От крепости в Герате была только крепостная стена, отграничивающая неизвестно по каким критериям выбранный участок лесистого нагорья, и центральное здание с той самой террасой и двумя колоннадами, заставлявшими предположить, что здешний архитектор читал в детстве что-то из римской истории с картинками. В остальном это был обычный гарнизон с казармой, кухней и прочим; строения теснились на небольшом пятачке, и обширное пространство до контрольной зоны, проложенной по внутреннему периметру стен, предоставлялось местной и привозной растительности.

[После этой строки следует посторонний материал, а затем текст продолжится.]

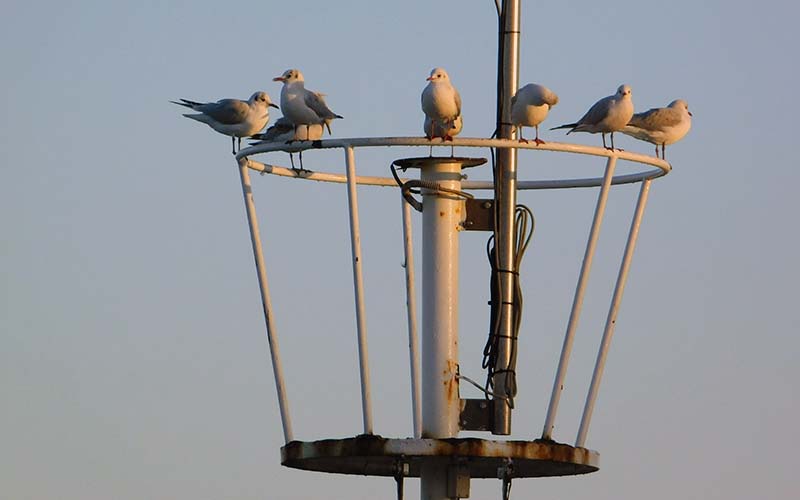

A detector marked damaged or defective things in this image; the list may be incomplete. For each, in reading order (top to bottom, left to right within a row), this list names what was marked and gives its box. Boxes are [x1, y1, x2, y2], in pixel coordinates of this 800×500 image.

rusty metal pole [418, 158, 462, 500]
rusty metal pole [490, 0, 520, 436]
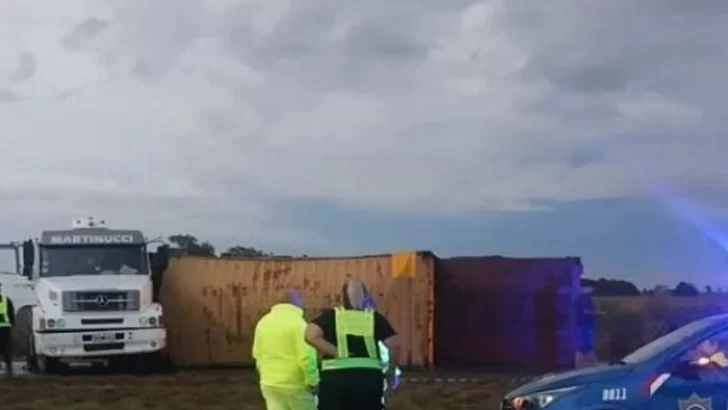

В этом парке Абрахамс вел свои идиллические эксперименты с орхидеями, а гарнизонные обитатели — двадцать пять человек, считая и Холла — кормили белок всякой всячиной, которую таскали из столовой; белки забирались на Холлов шезлонг и брали угощение из рук. Как-то одну из белок — всем им придумали имена — сожрала какая-то зверюга, вроде куницы; Абрахамс провел следствие, объявил тревогу, поднял в воздух роботов лазерного наведения и на двух бронетранспортерах помчался в джунгли. Переполох вышел не хуже настоящих учений.

Кроме Готлиба, который его поил и кормил, в распоряжение Холла была отдана библиотека, где они с Готлибом и жили — большая комната позади террасы, отделенная от нее коридором, выходящим на обе стороны колоннады. «Здесь вы будете находиться под неусыпным медицинским надзором», — заверил Абрахамс.

— Карлойда, — подсказал Холл из кресла. Первый раз он что-то разглядел под непроницаемой броней абрахамсовской улыбки — улыбка эта остановилась, как часы, и на ней явственно проступило клеймо инструкции.

Валентина одарила Холла некоторыми способностями: во-первых, феноменальным слухом, а во-вторых — странного рода осязанием, которое в непредсказуемые моменты могло на десяток метров отрываться от кончиков пальцев и погружаться вглубь камня или бетона.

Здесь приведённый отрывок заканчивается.